- _The task_:
Could you restate word for word only the lines below from the one holding "Armoire à pharmacie" to the one holding "High-end rhinestone mesh", inclusive, and leave out the pictures?
Segment Start: Data to process
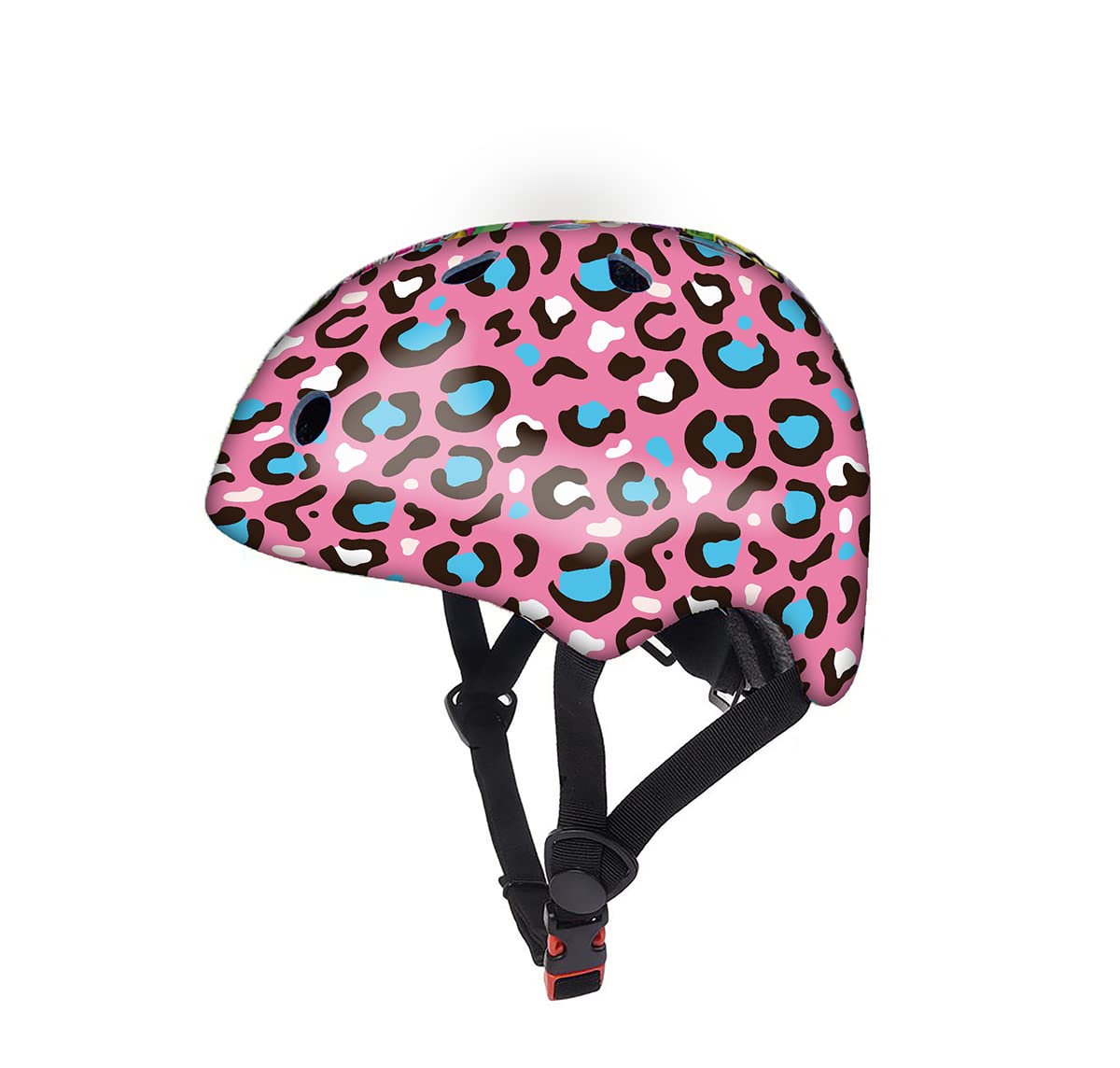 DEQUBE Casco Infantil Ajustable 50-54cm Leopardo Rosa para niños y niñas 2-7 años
Segment End: Data to process
Segment Start: Data to process
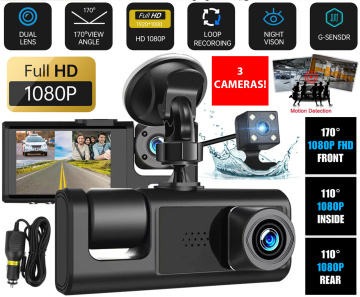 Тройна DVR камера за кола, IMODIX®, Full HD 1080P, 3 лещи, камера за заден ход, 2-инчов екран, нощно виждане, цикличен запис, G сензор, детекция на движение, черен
Segment End: Data to process
Segment Start: Data to process
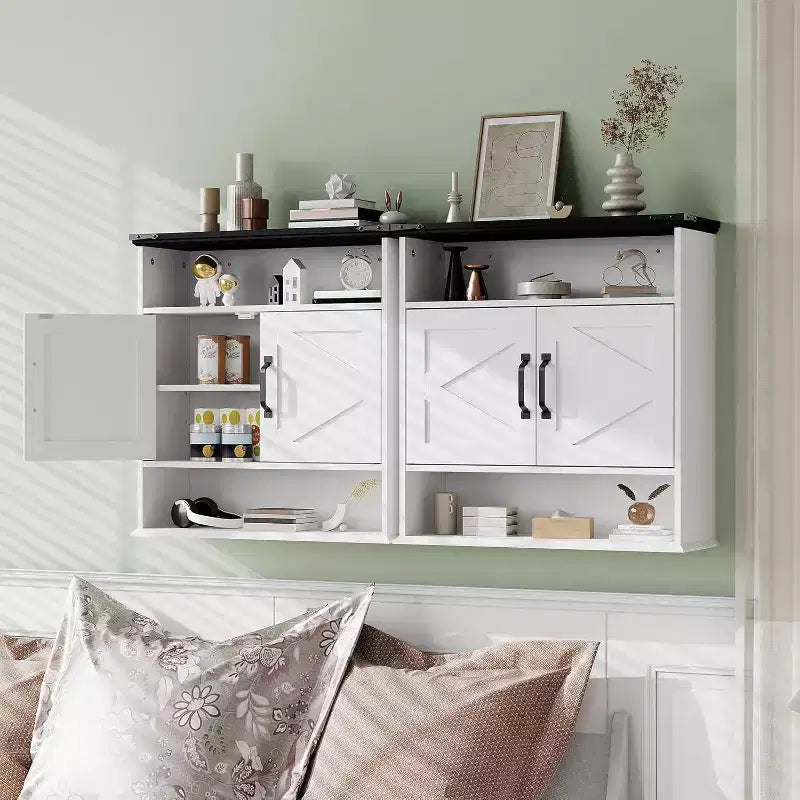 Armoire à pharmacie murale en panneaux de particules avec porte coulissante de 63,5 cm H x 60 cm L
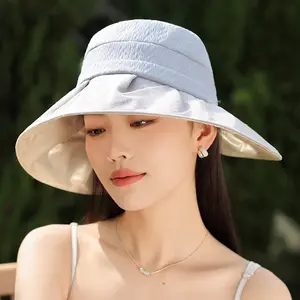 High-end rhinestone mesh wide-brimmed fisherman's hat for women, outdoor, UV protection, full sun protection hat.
Segment End: Data to process
- _Exercise result_:
 Armoire à pharmacie murale en panneaux de particules avec porte coulissante de 63,5 cm H x 60 cm L
 High-end rhinestone mesh wide-brimmed fisherman's hat for women, outdoor, UV protection, full sun protection hat.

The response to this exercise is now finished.